Support from family and peers as a protective barrier against mental health disorders

Support from family, friends and peers have all been identified as playing a crucial role in the healthy development of GLB adolescents. Support and inclusion can act as a protective barrier against mental health disorders. Support by friends and family is essential for a GLB youth to feel confident in the disclosure of her sexual orientation (coming out). Research has identified social isolation and lack of supportive friends as among the most difficult issues that GLB adolescents face. When disclosure to family and friends is successful, it can provide reassurance of future support, understanding and acceptance on a day-to-day basis from someone already close.

What If My Child Is Gay?Parents will often experience similar trauma as they come to terms with the issue of their child’s non-heterosexuality. Parents can experience fear of potential discrimination and victimisation that their child may encounter by being non-heterosexual. Parents usually want the best for their children and want a smooth transition through and into adulthood for them. Parents have usually based their hopes and dreams on their children’s futures, including fitting into the heterosexual ideal of a modern society. Parents will then often either under- or over-compensate as they try to understand or assist their child. It is important that the parents listen to what their child wants at this time. Does the child want to discuss what they are going through in detail, or do they just want to be treated as usual? Every child is different and will want a different level of support. The most important thing a parent can do is to acknowledge that the adolescent is in a difficult time in life, and that the parent is there for them. They are still the same beautiful child that they always were. However, counselling is also an option, either individually or together. Narrative therapy¹ can help explore the fears and worries that both parent and child may have.

By Lianne George MC, BA.

Lianne George currently holds a masters degree in counselling. She wrote a thesis titled “A Review of the Socio-Cultural Effects on GLIBT² Adolescents: Mental Impacts and Counselling Interventions.” Lianne says the thesis was inspired by her beautiful daughter Natasha.

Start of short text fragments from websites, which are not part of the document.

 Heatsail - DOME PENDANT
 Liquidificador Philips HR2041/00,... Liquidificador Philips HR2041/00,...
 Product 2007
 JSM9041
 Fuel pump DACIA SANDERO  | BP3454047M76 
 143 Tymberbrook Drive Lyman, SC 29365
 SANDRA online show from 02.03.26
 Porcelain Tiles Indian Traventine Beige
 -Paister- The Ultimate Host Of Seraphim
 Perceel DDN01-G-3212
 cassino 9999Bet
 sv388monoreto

Illustrations by Albina Nogueira

Albina has been a primary school teacher since 1992, and a writer and illustrator since 2006. She currently lives in Switzerland, but her homeland is Portugal. She is also the author of Letters to Grandparents  and Hairdresser. To find out more, like her on Facebook or see her books in Amazon.

¹ Narrative therapy is a collaborative and non-pathologizing approach to counselling and community work, which centres on people as the experts of their own lives. Source:  www.narrativetherapycentre.com/narrative.html

² GLIBT – gay, lesbian, intersex, bisexual and transsexual. Intersex is when a person does not feel that they belong in one of the two gender categories assigned at birth, i.e., male or female. An intersex person may reject the oppositional discourse and roles surrounding the two genders. They may also argue that there are more than just two gender categories.